-- WORK REQUIRED --
Every line from the one containing "Womens Fuzzy Fleece" down to the last line of the listing below should be restated exactly, and nothing else.

-- AVAILABLE DATA --
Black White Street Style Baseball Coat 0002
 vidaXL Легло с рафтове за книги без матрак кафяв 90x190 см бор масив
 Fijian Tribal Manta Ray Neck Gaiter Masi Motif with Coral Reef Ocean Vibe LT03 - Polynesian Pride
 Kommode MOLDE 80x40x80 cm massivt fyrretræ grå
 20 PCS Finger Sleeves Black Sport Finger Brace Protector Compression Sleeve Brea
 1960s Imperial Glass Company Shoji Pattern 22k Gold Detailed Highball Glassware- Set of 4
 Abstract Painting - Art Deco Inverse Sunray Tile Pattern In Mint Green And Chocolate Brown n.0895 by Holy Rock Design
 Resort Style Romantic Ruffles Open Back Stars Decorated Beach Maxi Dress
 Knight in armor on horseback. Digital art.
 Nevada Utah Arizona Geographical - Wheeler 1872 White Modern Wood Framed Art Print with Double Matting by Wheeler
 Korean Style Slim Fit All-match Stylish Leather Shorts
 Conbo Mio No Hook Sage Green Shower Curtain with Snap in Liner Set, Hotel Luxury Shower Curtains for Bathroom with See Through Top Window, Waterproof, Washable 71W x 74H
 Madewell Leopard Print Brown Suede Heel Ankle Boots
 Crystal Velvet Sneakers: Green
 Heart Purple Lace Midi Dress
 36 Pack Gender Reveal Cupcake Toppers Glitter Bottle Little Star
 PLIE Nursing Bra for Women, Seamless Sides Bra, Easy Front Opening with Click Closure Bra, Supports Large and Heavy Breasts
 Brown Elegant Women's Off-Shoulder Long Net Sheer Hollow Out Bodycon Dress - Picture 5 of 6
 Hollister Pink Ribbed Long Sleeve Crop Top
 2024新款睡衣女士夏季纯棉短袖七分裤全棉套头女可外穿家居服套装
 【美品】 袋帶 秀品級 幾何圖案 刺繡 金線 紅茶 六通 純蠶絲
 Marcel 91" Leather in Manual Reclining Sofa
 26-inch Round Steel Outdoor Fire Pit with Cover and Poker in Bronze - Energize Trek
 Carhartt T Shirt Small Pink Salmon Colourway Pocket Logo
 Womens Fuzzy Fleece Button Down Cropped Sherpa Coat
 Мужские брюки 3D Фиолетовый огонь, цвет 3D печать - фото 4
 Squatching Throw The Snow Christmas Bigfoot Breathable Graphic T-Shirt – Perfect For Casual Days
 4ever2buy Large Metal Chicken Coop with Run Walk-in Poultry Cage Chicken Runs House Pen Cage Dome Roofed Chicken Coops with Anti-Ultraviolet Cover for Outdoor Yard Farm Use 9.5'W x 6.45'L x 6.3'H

-- RESULT OF THIS TASK --
 Womens Fuzzy Fleece Button Down Cropped Sherpa Coat
 Мужские брюки 3D Фиолетовый огонь, цвет 3D печать - фото 4
 Squatching Throw The Snow Christmas Bigfoot Breathable Graphic T-Shirt – Perfect For Casual Days
 4ever2buy Large Metal Chicken Coop with Run Walk-in Poultry Cage Chicken Runs House Pen Cage Dome Roofed Chicken Coops with Anti-Ultraviolet Cover for Outdoor Yard Farm Use 9.5'W x 6.45'L x 6.3'H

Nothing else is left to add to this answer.